January 7, 2016

Can Likely Voter Models Be Improved?

Evidence from the 2014 U.S. House elections

By Scott Keeter and Ruth Igielnik

In recent years, polling has missed the mark in several high-profile elections, drawing particular attention to the difficulties inherent in using surveys to predict election outcomes. These failures typically result from one or more of three causes: biased samples that include an incorrect proportion of each candidate’s supporters; change in voter preferences between the time of the poll and the election; or incorrect forecasts about who will vote. While not a new concern, the third of these – the difficulty of identifying likely voters – may be the most serious, and that is the focus of this study. Election polls face a unique problem in survey research: They are asked to produce a model of a population that does not yet exist at the time the poll is conducted, the future electorate.

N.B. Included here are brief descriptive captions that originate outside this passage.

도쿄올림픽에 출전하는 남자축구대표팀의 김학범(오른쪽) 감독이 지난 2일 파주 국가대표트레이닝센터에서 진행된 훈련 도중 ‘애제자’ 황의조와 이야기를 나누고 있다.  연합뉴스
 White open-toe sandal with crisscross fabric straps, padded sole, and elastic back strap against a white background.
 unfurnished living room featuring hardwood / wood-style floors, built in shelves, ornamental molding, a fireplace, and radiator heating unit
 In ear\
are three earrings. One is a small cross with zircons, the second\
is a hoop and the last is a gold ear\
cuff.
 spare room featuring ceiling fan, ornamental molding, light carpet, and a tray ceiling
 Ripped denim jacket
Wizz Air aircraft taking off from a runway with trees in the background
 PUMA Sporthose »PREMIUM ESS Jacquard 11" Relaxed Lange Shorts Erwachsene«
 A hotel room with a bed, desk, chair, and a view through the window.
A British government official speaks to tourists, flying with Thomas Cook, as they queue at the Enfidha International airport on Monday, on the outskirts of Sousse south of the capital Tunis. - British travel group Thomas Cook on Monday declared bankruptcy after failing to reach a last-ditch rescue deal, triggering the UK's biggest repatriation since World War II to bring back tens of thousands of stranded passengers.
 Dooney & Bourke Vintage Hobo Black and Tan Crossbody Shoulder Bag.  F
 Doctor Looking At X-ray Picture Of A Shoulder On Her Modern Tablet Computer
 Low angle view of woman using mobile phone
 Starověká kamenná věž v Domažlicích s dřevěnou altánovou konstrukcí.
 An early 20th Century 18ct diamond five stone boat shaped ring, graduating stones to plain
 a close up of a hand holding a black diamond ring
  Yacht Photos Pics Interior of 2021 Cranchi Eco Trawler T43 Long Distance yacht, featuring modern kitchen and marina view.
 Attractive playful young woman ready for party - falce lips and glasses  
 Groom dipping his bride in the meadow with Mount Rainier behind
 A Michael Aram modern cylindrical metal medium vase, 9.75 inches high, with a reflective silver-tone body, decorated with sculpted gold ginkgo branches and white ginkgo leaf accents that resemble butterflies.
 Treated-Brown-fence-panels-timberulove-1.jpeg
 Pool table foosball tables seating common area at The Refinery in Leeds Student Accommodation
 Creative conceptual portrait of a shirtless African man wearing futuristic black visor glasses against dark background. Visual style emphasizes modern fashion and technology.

It is well understood that many people who are eligible to vote and who tell pollsters they intend to cast a ballot will not actually do so. Similarly, some people who express little interest in the election or uncertainty about voting will nevertheless turn out. This is not a source of random error, because people who vote regularly are demographically and politically different from those who vote less often. In U.S. elections, experienced pollsters know that supporters of Republican candidates tend to be more likely to vote than supporters of Democratic candidates, especially in off-year elections. Consequently, identifying who is likely to vote is fundamental to making accurate forecasts from pre-election polls and correctly characterizing the views of the electorate.

This study examines various methods of determining who is a likely voter. It then compares the relative effectiveness of each approach in describing the electorate and measuring the division of the vote between parties in the 2014 U.S. House of Representatives elections. Pollsters would like to have a crystal ball that would allow them to see who will ultimately turn out to vote. While this study has no crystal ball, it has the next best thing: a survey of people interviewed before and after the 2014 congressional elections that is enhanced with verified turnout data from a national voter file (a database of adults and their publicly available voter turnout records from all states).

In particular, this study makes it possible to assess at least some of the benefits of sampling from lists of registered voters, the method favored by many campaign pollsters. Public pollsters, such as Pew Research Center and the major news organizations that conduct election polls, typically have used random digit dial (RDD) samples to reach a random sampling of all Americans, then narrowing down to prospective voters by asking people a series of questions that gauge interest in the election, past voting behavior and intention to vote.1 Campaign pollsters tend to use samples from databases of registered voters and incorporate past vote history from those databases into their forecasting models, ensuring that they know whether the respondent has voted in the past.2 The sample employed in this study was originally obtained from an RDD survey and later matched to a voter file so that both the survey questions and the past vote history could be used in the analysis.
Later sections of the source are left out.